British Cycling President Brian Cookson 'Boldly' Predicts Victory For UCI Presidency
British Cycling President Brian Cookson has "boldly predicted an emphatic victory" over Int'l Cycling President Pat McQuaid for UCI presidency, according to Ben Rumsby of the London TELEGRAPH. Cookson needs 22 of the 42 votes at the election in Florence on Sept. 27 to be elected UCI president. He claimed that he "had been pledged enough support to win comfortably." Cookson has spent the last month traveling around the world lobbying continental confederations, a policy "that paid off spectacularly" on Sunday when European federations voted 27-10 to back him over McQuaid. All 14 of their delegates are "now mandated to vote for Cookson," something that "would leave him needing eight more votes." Cookson: "It's not guaranteed. And what we've still got to do is keep the pressure on. Elections can be won and lost in the last few days and it's very important that we don't take any of that for granted." Cookson was expecting his European support "to be bolstered" by that of Oceania, which has three votes, parts of Pan-America, which has nine, and at least some of Africa, which has seven (TELEGRAPH, 9/17).
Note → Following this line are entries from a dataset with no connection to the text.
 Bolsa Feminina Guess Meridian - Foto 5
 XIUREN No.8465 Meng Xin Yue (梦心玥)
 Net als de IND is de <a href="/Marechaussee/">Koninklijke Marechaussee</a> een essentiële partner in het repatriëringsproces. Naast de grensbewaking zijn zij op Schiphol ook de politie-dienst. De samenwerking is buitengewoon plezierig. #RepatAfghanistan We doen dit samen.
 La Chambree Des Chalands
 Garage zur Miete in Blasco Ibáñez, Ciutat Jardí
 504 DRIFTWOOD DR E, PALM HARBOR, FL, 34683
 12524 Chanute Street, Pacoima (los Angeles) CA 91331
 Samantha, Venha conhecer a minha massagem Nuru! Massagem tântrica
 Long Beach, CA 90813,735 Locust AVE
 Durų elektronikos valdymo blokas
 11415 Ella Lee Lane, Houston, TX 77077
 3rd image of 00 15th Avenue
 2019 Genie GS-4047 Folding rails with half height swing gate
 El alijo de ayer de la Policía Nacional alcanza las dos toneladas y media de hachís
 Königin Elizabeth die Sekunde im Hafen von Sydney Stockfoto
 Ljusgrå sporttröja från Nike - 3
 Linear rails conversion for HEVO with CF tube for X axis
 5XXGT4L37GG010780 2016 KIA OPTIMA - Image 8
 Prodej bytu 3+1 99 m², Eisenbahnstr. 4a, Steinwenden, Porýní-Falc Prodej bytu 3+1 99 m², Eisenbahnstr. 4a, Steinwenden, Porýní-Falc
LIVELY CAMPAIGN: In London, Donald McRae wrote sports governance "usually features dry exchanges between anonymous administrators." However, this contest's "bruising machinations, leaked dossiers and accusations of corruption and 'gangster politics' underline why the outcome is much more significant than a typical bureaucratic vote." Cookson "smiles when it is pointed out that his apparent electoral lead is partly built on the 'Anyone But McQuaid' ticket." Does he "mind being dismissed as the 'Vanilla' candidate?" Cookson: "Well, who else put their head above the parapet? All 170-odd federations had the opportunity to nominate someone -- but no one else has done. I've got the confidence of lots of people." In sometimes choosing not to answer simple questions, Cookson has been criticized as a career politician when he strives to be a genuine cycling man who "shares the overwhelming distaste for corruption and subterfuge." McQuaid and Cookson "stress their resolve against doping and argue that the sport has made substantial progress." Cookson, however, "differs from McQuaid in campaigning for an anti-doping agency that operates independently of the UCI." McQuaid's removal "would seem to be crucial in rekindling respect for the UCI" (GUARDIAN, 9/17).